After the GOP suffered stunning losses in Georgia’s Presidential and Senate elections in November, it appears state lawmakers have rallied to fix one of the glaring issues in the state’s voting system.
Breitbart reported that the Georgia state Senate voted 35 to 18 on Tuesday to approve a law that will require voters requesting absentee ballots to provide valid photo ID prior to receiving the ballot.
According to the Hill, the legislation will “require voters to submit a driver’s license number, state identification card number or a photocopy of an approved form of identification in order to vote absentee in the state.
Democrats have fiercely decried the new rule as a form of “voter suppression” because those without a valid driver’s license or state ID card will no longer be able to request absentee ballots. Those voters will still be allowed to vote in person, State Sen. Larry Walker (R) noted.
Democrat activists have made it clear that protecting the integrity of our elections is the last thing on their minds, instead championing new ways to get as many people to vote as possible with the fewest legal barriers — opening up federal and state elections to fraud at all levels.
“It’s not about disenfranchising voters,” Walker, one of the GOP co-sponsors of the bill explained. “It’s not about overly burdening the electorate. It’s about efficiency, integrity, allowing the Georgia public to have confidence in the vote.

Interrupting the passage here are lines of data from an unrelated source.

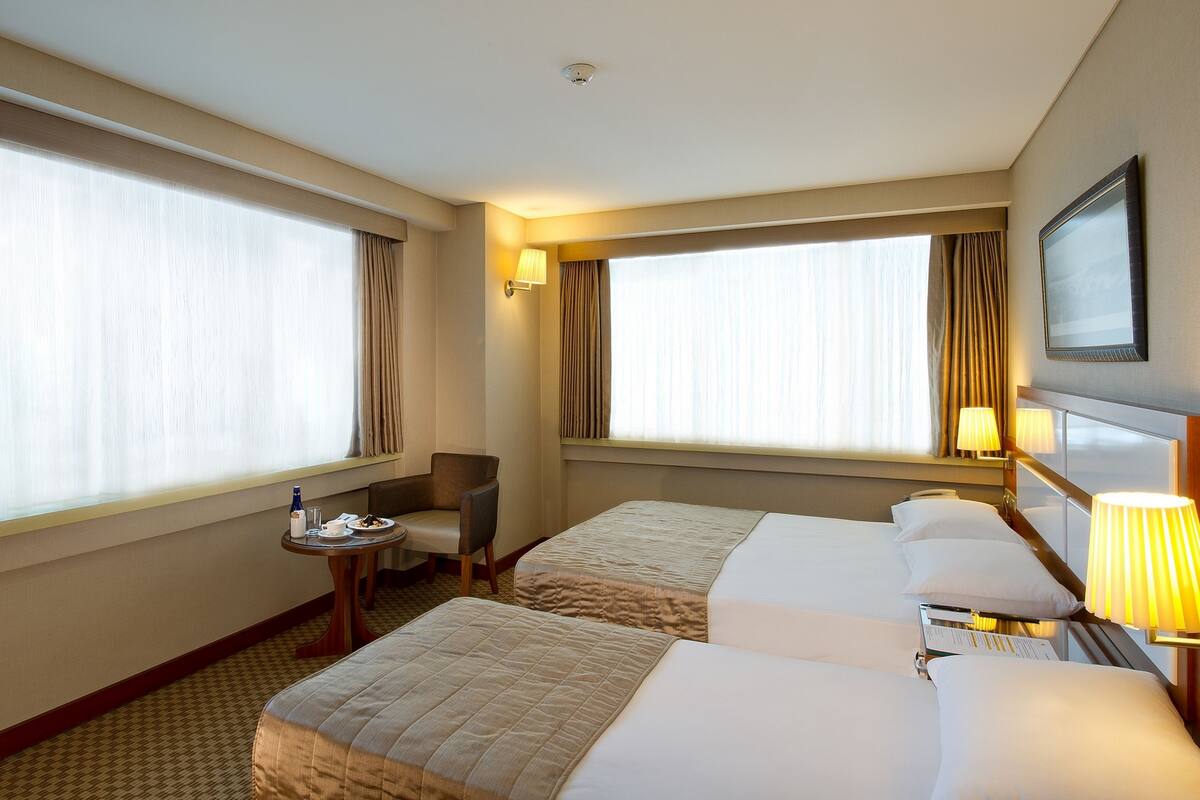 Ein Hotelzimmer mit zwei Betten, einem kleinen Tisch mit Stuhl und einem Fenster mit Vorhängen.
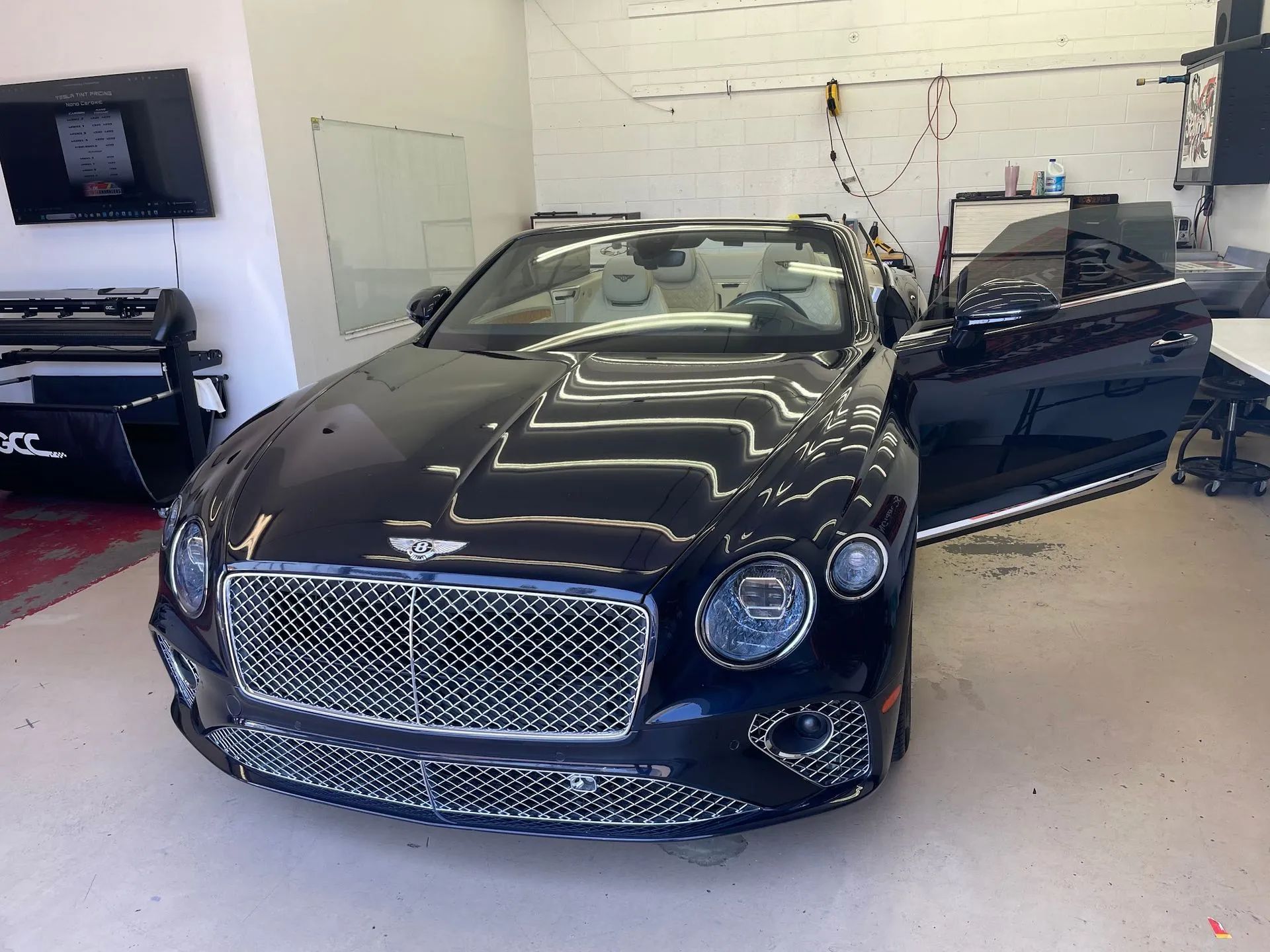 Black luxury car in a garage with the driver’s door open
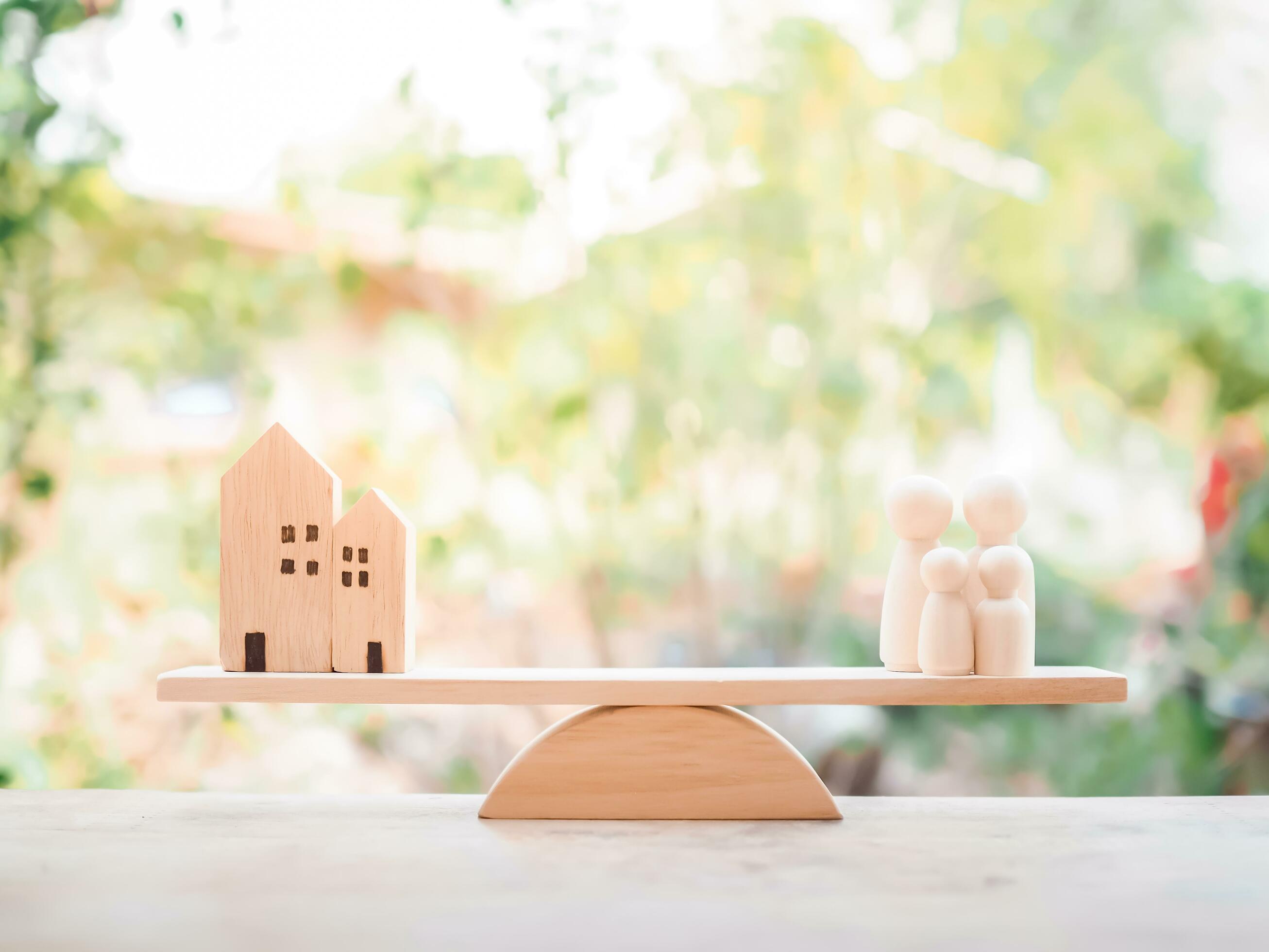 Miniature house and wooden human figure on balancing scale for family concept Stock Free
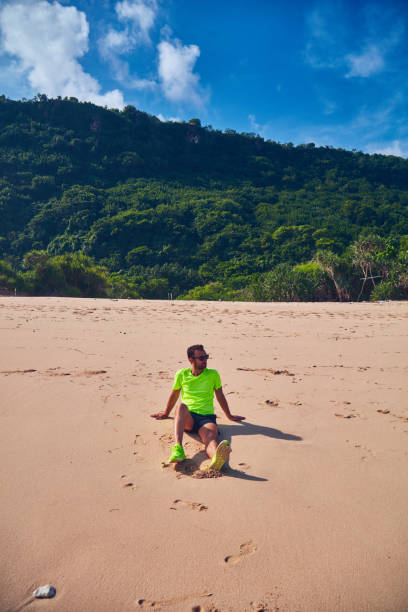 istock Sportsman stretching on a exotic tropical beach after jogging / exercising. 1082784282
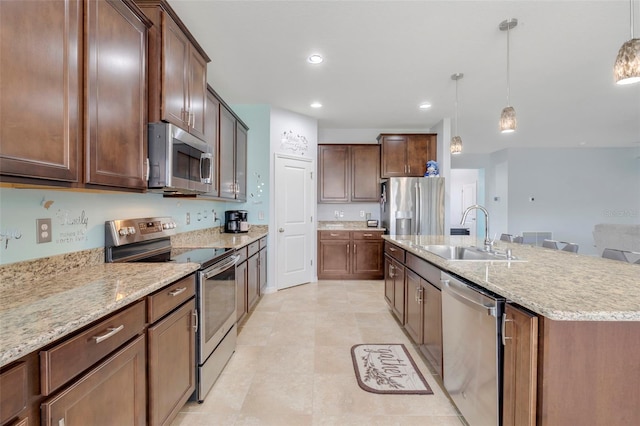 kitchen featuring a center island with sink, sink, pendant lighting, and stainless steel appliances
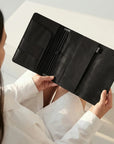 Person holding a black leather wallet against a neutral background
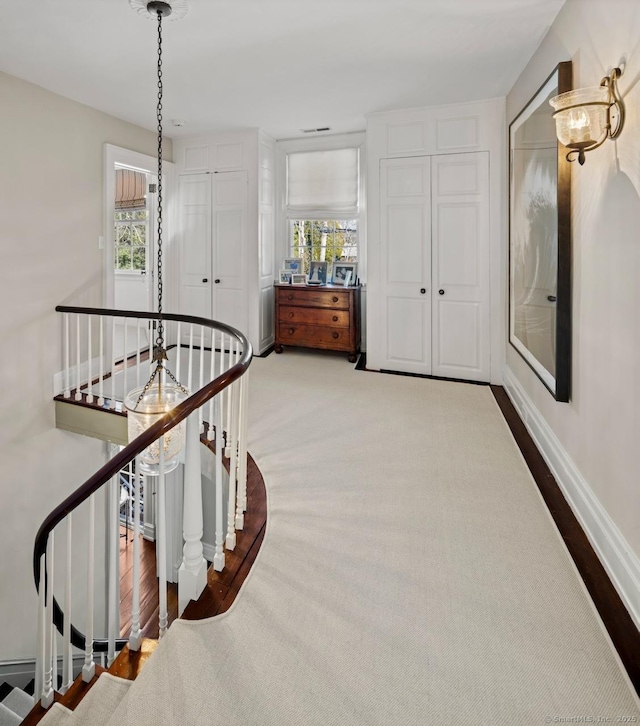 3113 Bronson Rd, Fairfield, CT 06824 - corridor featuring an upstairs landing, plenty of natural light, baseboards, and wood finished floors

The public can have confidence and trust in the integrity of our election results.”
Bishop Reginald Thomas Jackson, presiding prelate of the Sixth Episcopal District of the African Methodist Episcopal Church cried racism in protest of the bill’s passage, claiming that the GOP-led effort is another attempt to suppress the black vote in the Peach state.
“It was these very same Republicans who passed these laws a few years ago that provided for absentee ballot, that provided for early voting, that provided for ballot boxes,” Jackson lamented.
“These very same Republicans, when it worked for them, it was nothing wrong with them. But now that Blacks and people of color are using these processes to vote, that’s why now they say we’ve got to stop it,” he declard.
The controversial bill will now proceed to the Georgia State House of Representatives for approval.